TO DO
Reproduce the listing in full. Omit the pictures.

COLLECTED DATA
* * * * * * * * *
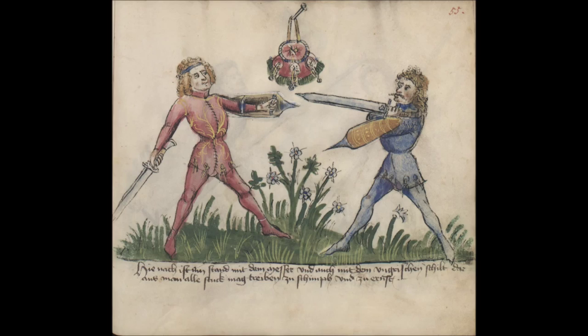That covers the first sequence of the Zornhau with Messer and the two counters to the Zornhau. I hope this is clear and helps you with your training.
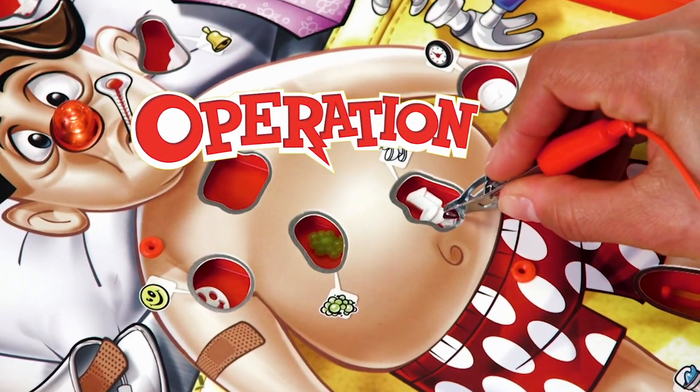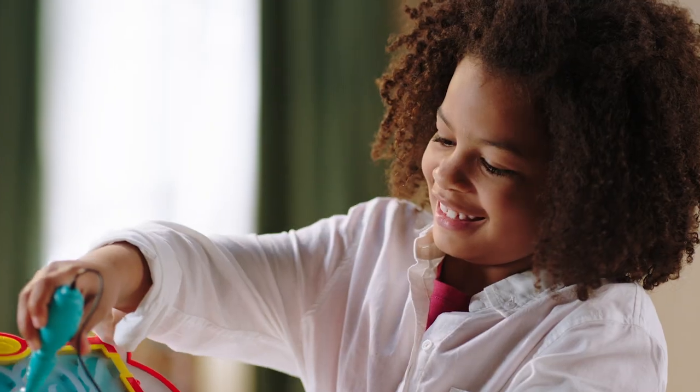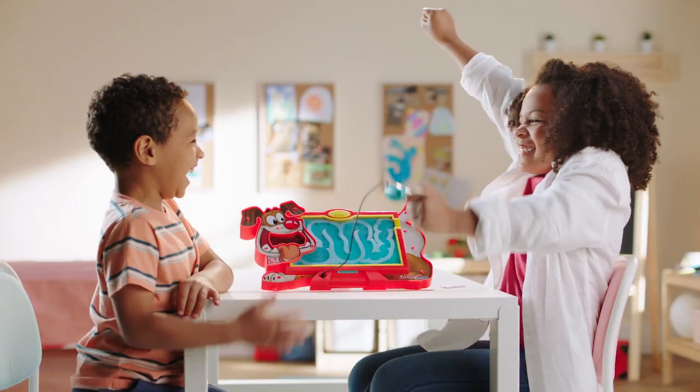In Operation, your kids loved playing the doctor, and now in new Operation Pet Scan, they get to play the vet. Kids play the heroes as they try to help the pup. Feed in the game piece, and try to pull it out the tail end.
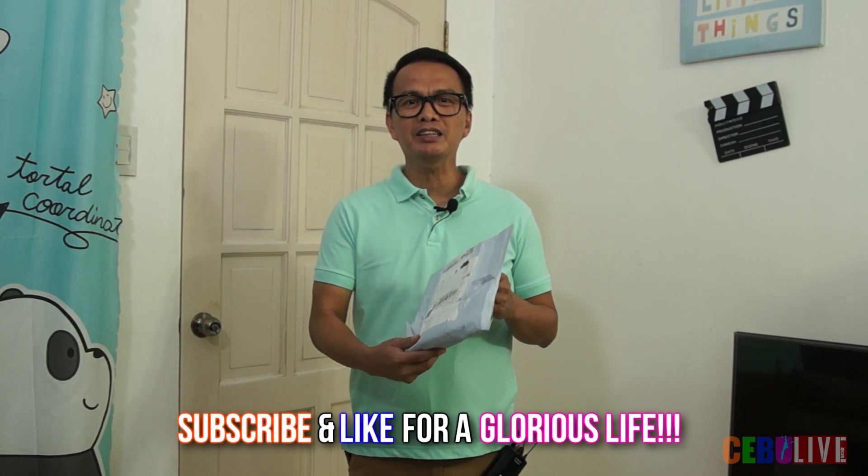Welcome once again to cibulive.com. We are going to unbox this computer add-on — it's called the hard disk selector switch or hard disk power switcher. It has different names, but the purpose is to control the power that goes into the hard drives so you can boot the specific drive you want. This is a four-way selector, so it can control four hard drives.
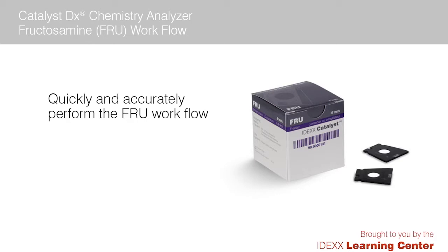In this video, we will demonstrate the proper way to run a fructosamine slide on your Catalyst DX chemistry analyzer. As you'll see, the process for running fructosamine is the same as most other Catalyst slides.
* * * * * * * * *
OUTPUT OF THE TASK
That covers the first sequence of the Zornhau with Messer and the two counters to the Zornhau. I hope this is clear and helps you with your training.
In Operation, your kids loved playing the doctor, and now in new Operation Pet Scan, they get to play the vet. Kids play the heroes as they try to help the pup. Feed in the game piece, and try to pull it out the tail end.
Welcome once again to cibulive.com. We are going to unbox this computer add-on — it's called the hard disk selector switch or hard disk power switcher. It has different names, but the purpose is to control the power that goes into the hard drives so you can boot the specific drive you want. This is a four-way selector, so it can control four hard drives.
In this video, we will demonstrate the proper way to run a fructosamine slide on your Catalyst DX chemistry analyzer. As you'll see, the process for running fructosamine is the same as most other Catalyst slides.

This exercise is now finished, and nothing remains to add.